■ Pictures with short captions

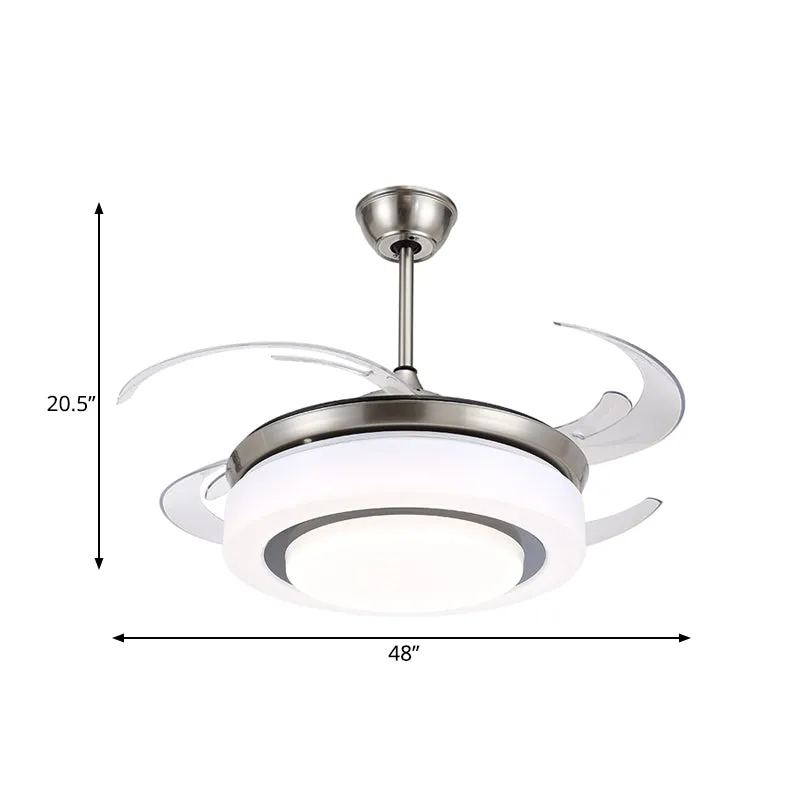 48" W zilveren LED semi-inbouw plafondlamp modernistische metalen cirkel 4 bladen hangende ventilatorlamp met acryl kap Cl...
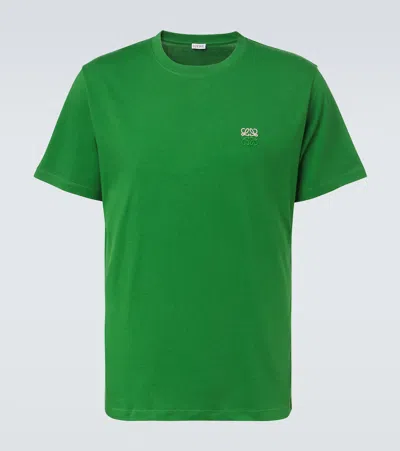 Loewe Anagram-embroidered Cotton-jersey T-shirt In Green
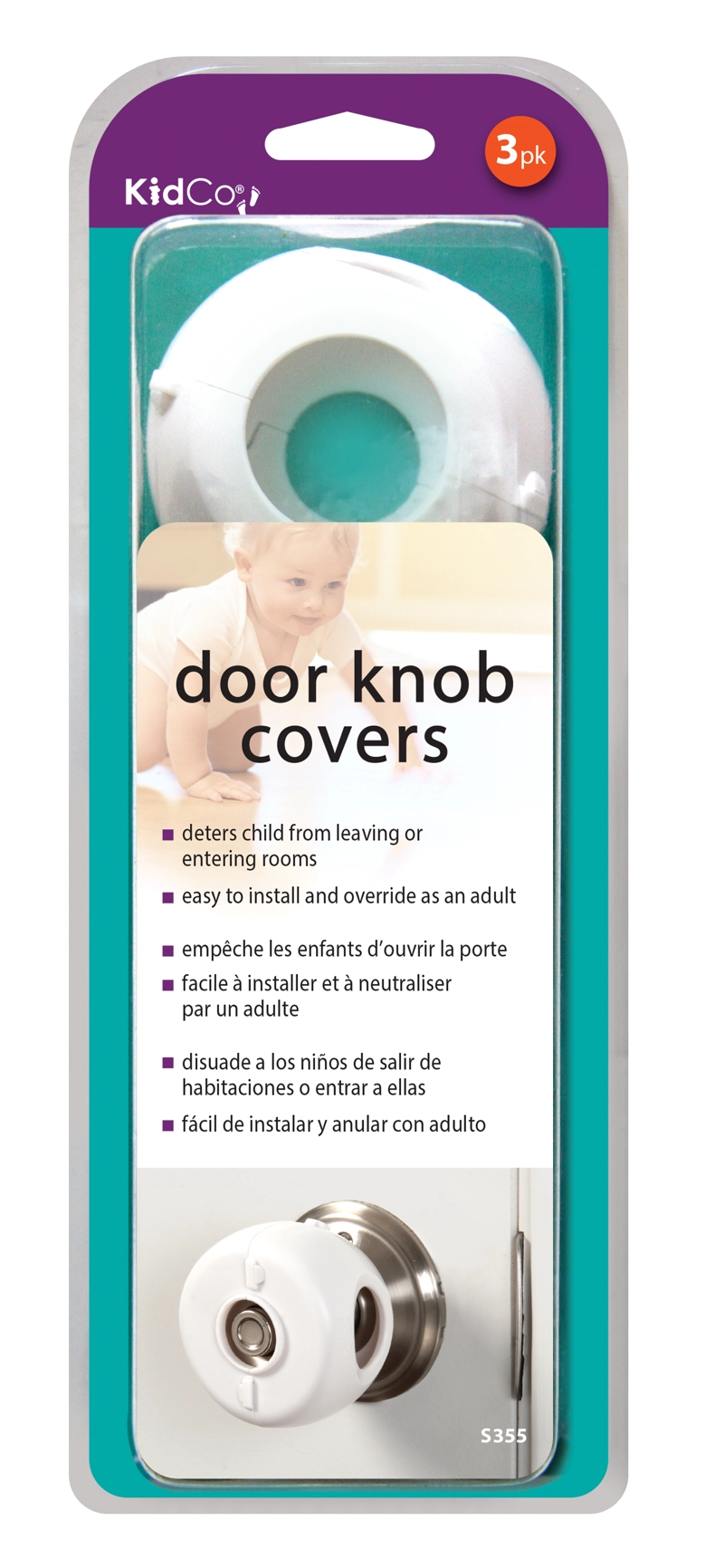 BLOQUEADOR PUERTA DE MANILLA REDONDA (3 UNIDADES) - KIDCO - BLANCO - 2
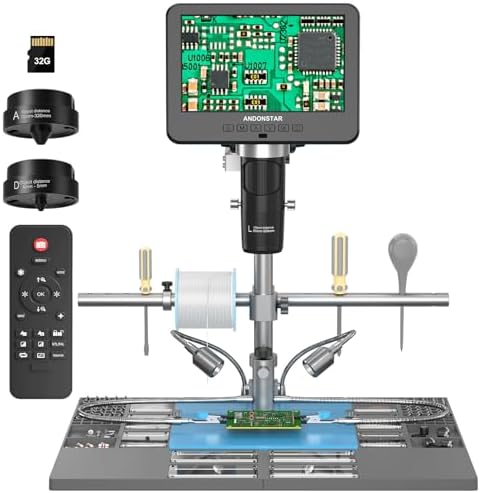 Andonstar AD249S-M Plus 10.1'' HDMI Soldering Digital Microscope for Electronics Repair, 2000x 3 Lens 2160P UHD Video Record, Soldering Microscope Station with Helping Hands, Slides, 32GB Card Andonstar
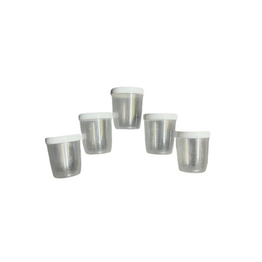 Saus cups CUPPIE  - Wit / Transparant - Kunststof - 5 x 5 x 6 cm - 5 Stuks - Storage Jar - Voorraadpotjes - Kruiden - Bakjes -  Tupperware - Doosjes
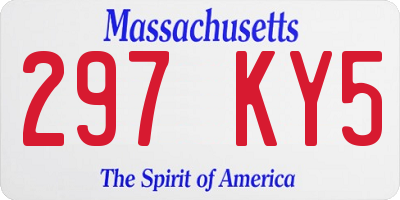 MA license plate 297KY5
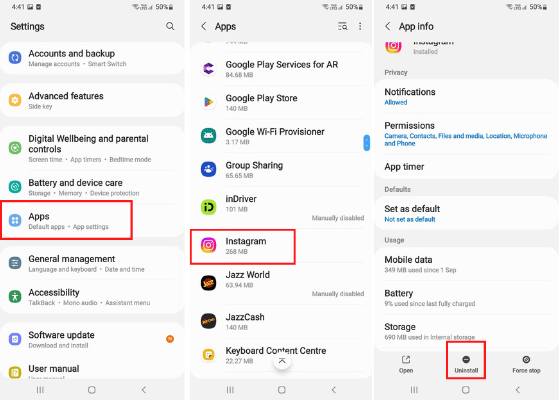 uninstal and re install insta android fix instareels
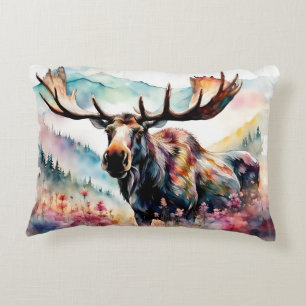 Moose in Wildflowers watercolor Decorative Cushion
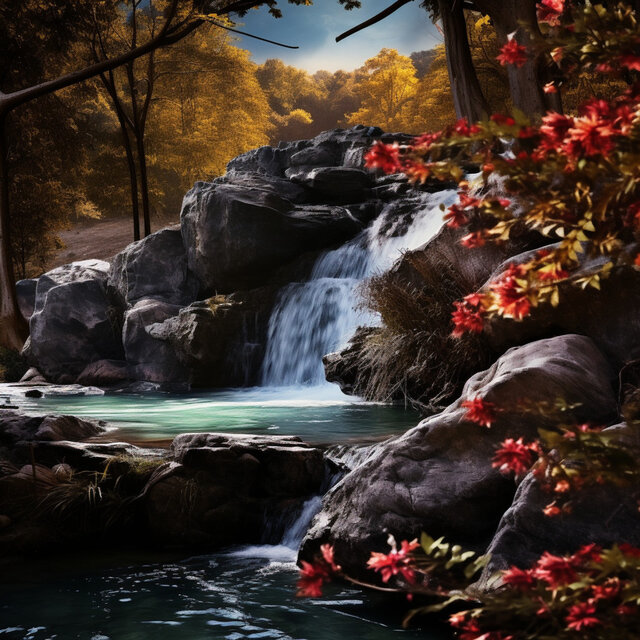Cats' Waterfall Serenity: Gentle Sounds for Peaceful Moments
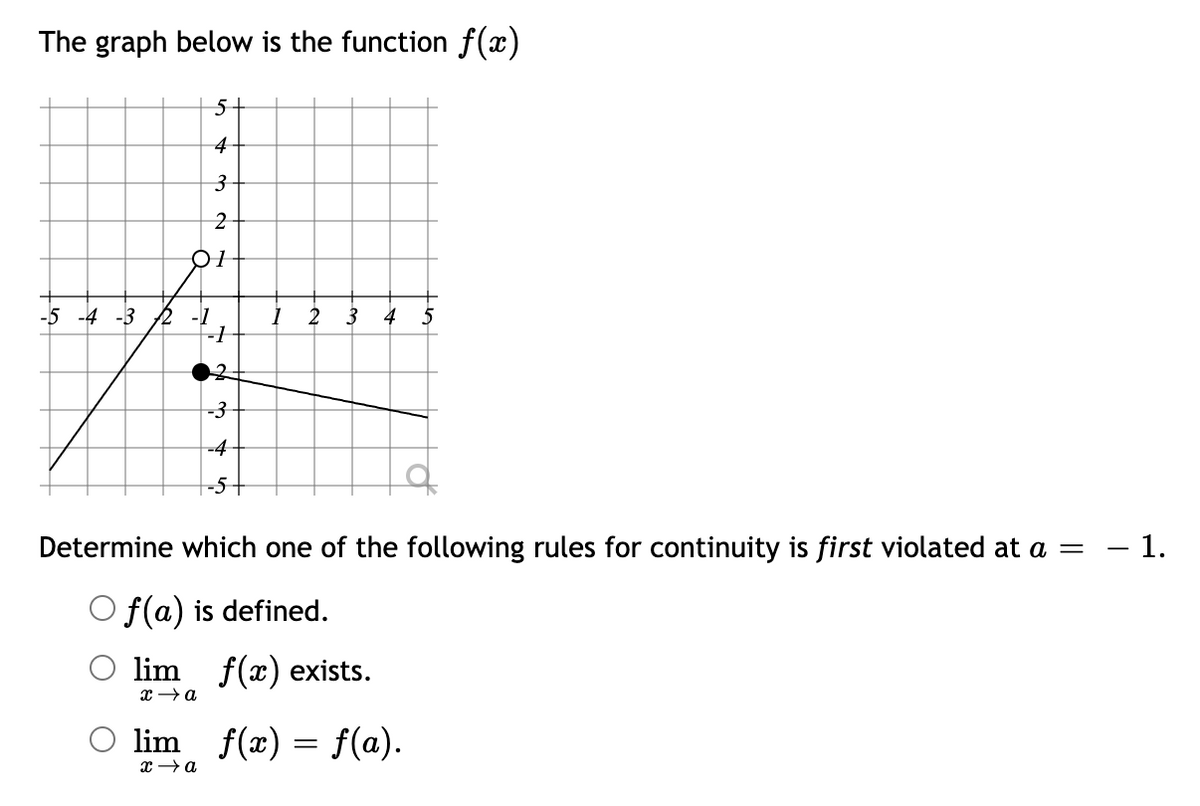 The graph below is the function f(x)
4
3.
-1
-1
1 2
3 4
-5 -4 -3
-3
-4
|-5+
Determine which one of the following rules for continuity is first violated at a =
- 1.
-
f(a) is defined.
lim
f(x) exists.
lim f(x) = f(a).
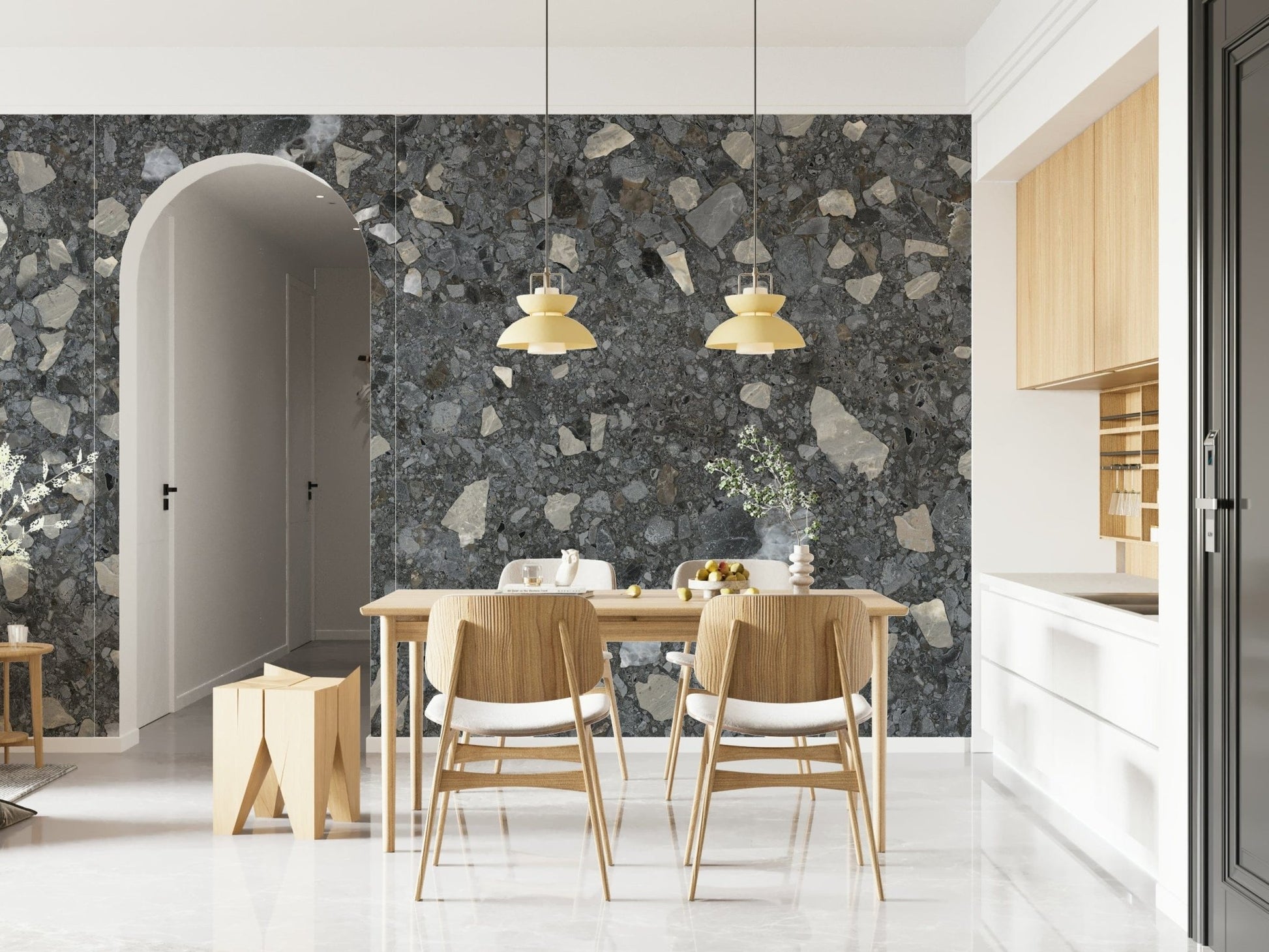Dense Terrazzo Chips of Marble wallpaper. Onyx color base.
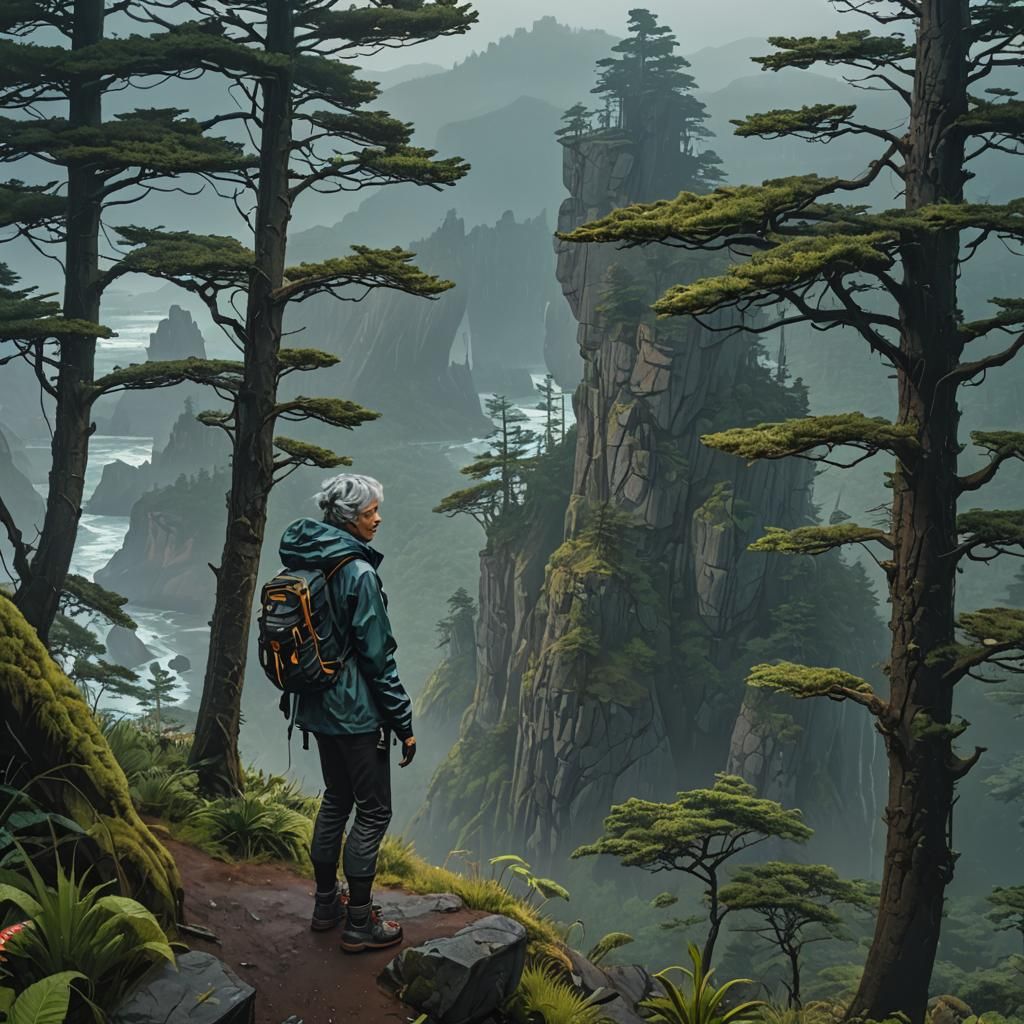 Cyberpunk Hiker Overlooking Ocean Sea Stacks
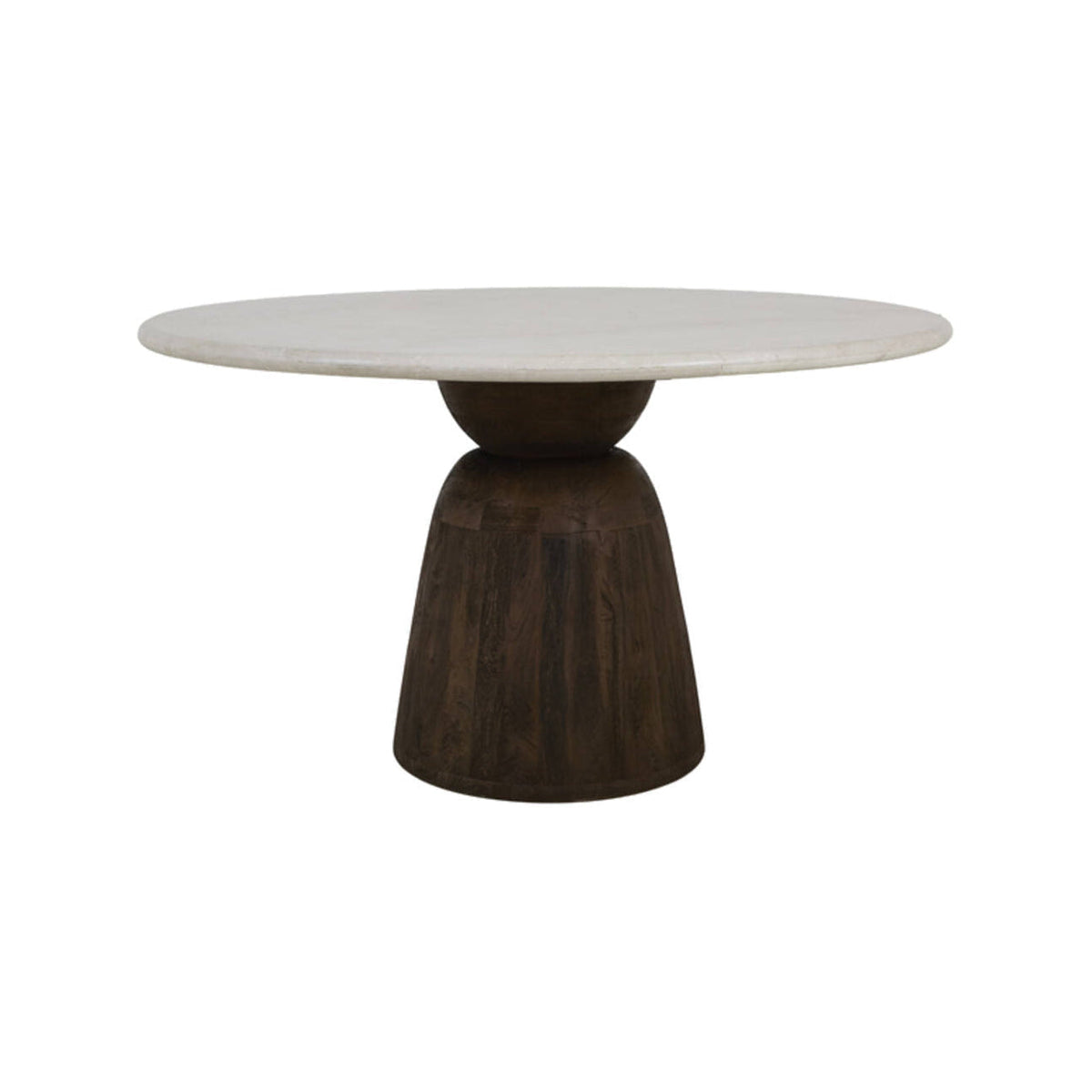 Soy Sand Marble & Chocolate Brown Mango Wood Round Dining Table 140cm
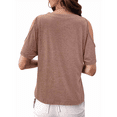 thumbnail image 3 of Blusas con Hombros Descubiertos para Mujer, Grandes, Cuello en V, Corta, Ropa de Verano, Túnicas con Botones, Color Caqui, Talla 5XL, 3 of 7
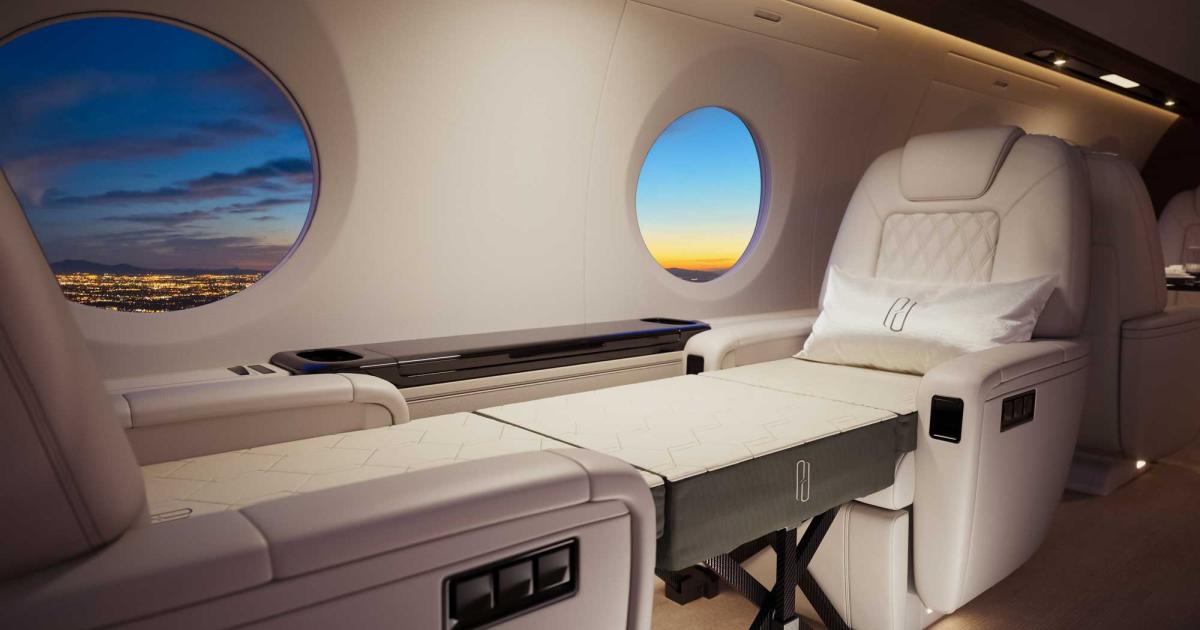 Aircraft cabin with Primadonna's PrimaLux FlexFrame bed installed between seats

■ Exercise requirements
Every entry above is to be transcribed exactly, with all pictures left out.

■ Solution to this problem
 48" W zilveren LED semi-inbouw plafondlamp modernistische metalen cirkel 4 bladen hangende ventilatorlamp met acryl kap Cl...
 Loewe Anagram-embroidered Cotton-jersey T-shirt In Green
 BLOQUEADOR PUERTA DE MANILLA REDONDA (3 UNIDADES) - KIDCO - BLANCO - 2
 Andonstar AD249S-M Plus 10.1'' HDMI Soldering Digital Microscope for Electronics Repair, 2000x 3 Lens 2160P UHD Video Record, Soldering Microscope Station with Helping Hands, Slides, 32GB Card Andonstar
 Saus cups CUPPIE  - Wit / Transparant - Kunststof - 5 x 5 x 6 cm - 5 Stuks - Storage Jar - Voorraadpotjes - Kruiden - Bakjes -  Tupperware - Doosjes
 MA license plate 297KY5
 uninstal and re install insta android fix instareels
 Moose in Wildflowers watercolor Decorative Cushion
Cats' Waterfall Serenity: Gentle Sounds for Peaceful Moments
 The graph below is the function f(x)
4
3.
-1
-1
1 2
3 4
-5 -4 -3
-3
-4
|-5+
Determine which one of the following rules for continuity is first violated at a =
- 1.
-
f(a) is defined.
lim
f(x) exists.
lim f(x) = f(a).
Dense Terrazzo Chips of Marble wallpaper. Onyx color base.
 Cyberpunk Hiker Overlooking Ocean Sea Stacks
 Soy Sand Marble & Chocolate Brown Mango Wood Round Dining Table 140cm
 thumbnail image 3 of Blusas con Hombros Descubiertos para Mujer, Grandes, Cuello en V, Corta, Ropa de Verano, Túnicas con Botones, Color Caqui, Talla 5XL, 3 of 7
 Aircraft cabin with Primadonna's PrimaLux FlexFrame bed installed between seats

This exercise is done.